## BRIEF
Please retype the line that contains "Vintage Marshall Field's" and all lines that follow it to the end of the entries below, exactly as they stand, with nothing added.

## DATA PROVIDED
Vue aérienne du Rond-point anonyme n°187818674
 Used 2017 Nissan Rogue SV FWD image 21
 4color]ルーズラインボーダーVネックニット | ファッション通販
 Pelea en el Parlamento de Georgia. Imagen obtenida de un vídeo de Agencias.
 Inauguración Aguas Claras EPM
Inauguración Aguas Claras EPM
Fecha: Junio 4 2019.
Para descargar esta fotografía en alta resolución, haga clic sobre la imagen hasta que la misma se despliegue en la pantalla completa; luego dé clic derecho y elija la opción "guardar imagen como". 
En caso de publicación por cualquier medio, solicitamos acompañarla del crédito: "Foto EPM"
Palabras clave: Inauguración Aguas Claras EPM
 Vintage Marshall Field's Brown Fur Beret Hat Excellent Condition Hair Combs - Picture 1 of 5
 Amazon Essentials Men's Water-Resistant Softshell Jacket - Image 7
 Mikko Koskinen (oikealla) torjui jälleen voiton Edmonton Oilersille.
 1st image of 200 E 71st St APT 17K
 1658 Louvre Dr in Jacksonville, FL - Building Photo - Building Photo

## SOLUTION
 Vintage Marshall Field's Brown Fur Beret Hat Excellent Condition Hair Combs - Picture 1 of 5
 Amazon Essentials Men's Water-Resistant Softshell Jacket - Image 7
 Mikko Koskinen (oikealla) torjui jälleen voiton Edmonton Oilersille.
 1st image of 200 E 71st St APT 17K
 1658 Louvre Dr in Jacksonville, FL - Building Photo - Building Photo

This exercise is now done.